Green Functions for the Wrong-Sign Quartic

TL;DR

This paper verifies that approximate Green functions obtained from truncated Schwinger-Dyson equations are highly accurate for the wrong-sign quartic oscillator, supporting the method's extension to more complex non-Hermitian theories.

Contribution

The paper provides an independent numerical validation of Green functions derived from truncated Schwinger-Dyson equations for a non-Hermitian theory with known metric, confirming their accuracy.

Findings

Green functions are accurate within 6-8% at lowest-order truncation.

Validation supports using Schwinger-Dyson truncation for non-Hermitian theories.

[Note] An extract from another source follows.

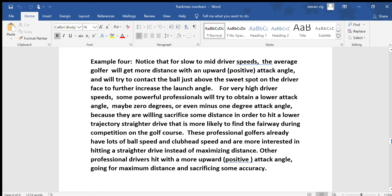Briefly, a couple of other things about TrackMan. For slow to mid driver speeds, the average golfer will get more distance with an upward positive attack angle and will try to contact the ball just above the sweet spot in the driver face to further increase the launch angle. For some very high driver speeds, some of the stronger professionals will try to obtain a lower attack angle — maybe 0 degrees or even a minus 1 degree attack angle — because they are willing to sacrifice some distance in order to hit a lower trajectory, straighter drive that is more likely to find the fairway during competition. Other professional drivers and a lot of amateurs should hit with a more upward or positive attack angle, going for maximum distance and sacrificing some accuracy with the driver.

Method can be extended to higher dimensions where metric calculation is difficult.

Abstract

It has been shown that the Schwinger-Dyson equations for non-Hermitian theories implicitly include the Hilbert-space metric. Approximate Green functions for such theories may thus be obtained, without having to evaluate the metric explicitly, by truncation of the equations. Such a calculation has recently been carried out for various $PT$-symmetric theories, in both quantum mechanics and quantum field theory, including the wrong-sign quartic oscillator. For this particular theory the metric is known in closed form, making possible an independent check of these approximate results. We do so by numerically evaluating the ground-state wave-function for the equivalent Hermitian Hamiltonian and using this wave-function, in conjunction with the metric operator, to calculate the one- and two-point Green functions. We find that the Green functions evaluated by lowest-order truncation of the Schwinger-Dyson equations are already accurate at the (6-8)% level. This provides a strong justification for the method and a motivation for its extension to higher order and to higher dimensions, where the calculation of the metric is extremely difficult.